22. A perusal of the petition dated 8th February, 2019 shows that the Petitioner is questioning the manner in which the Attorney General exercised his powers in respect of a civil dispute between his office and the Interested Party. The issue raised is of interest to the public. The doctrine of locus standicannot be allowed to stand on the way of such an issue.

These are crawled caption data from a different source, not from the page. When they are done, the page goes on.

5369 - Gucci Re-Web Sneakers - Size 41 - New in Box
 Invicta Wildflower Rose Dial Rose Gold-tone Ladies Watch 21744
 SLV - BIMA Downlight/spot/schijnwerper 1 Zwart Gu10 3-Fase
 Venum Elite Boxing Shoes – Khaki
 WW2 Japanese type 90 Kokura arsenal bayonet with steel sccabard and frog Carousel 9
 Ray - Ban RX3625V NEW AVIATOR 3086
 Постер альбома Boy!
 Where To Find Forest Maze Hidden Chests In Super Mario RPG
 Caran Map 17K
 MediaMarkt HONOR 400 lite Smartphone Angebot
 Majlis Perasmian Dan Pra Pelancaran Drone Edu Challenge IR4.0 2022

I therefore find no merit in the Attorney General’s assertion that the Petitioner had no legal capacity to file the petition.
23. The sub judice rule is found in Section 6 of the Civil Procedure Act, Cap. 21 which provides that:-
“Stay of suit
No court shall proceed with the trial of any suit or proceeding in which the matter in issue is also directly and substantially in issue in a previously instituted suit or proceeding between the same parties, or between parties under whom they or any of them claim, litigating under the same title, where such suit or proceeding is pending in the same or any other court having jurisdiction in Kenya to grant the relief claimed.
Explanation.—The pendency of a suit in a foreign court shall not preclude a court from trying a suit in which the same matters or any of them are in issue in such suit in such foreign court.”
24. As already pointed out, the Petitioner is through these proceedings questioning the payment of public funds pursuant to the Respondent’s contract with the Interested Party. The civil case will determine if the money is payable. The issues raised by the Petitioner will still need to be considered and a decision made on them. The issues raised by the Petitioner are not the same with the issues in the civil case. The rule of sub judice does not therefore apply to the circumstances of this case. This ground of preliminary objection also fails.
25. In conclusion, I find that the Attorney General’s notice of preliminary objection dated 8th April, 2019 fails in so far as it alleges that the petition offends the mandatory provisions of Section 6 of the Civil Procedure Act and that the Petitioner lacks the locus standi to institute the petition. The other grounds raised in the notice of preliminary objection will be dealt with after the petition is heard. The preliminary objection on the two identified grounds is therefore dismissed. Costs shall abide the outcome of the petition.
Dated, signed and delivered at Nairobi on 28th November, 2019.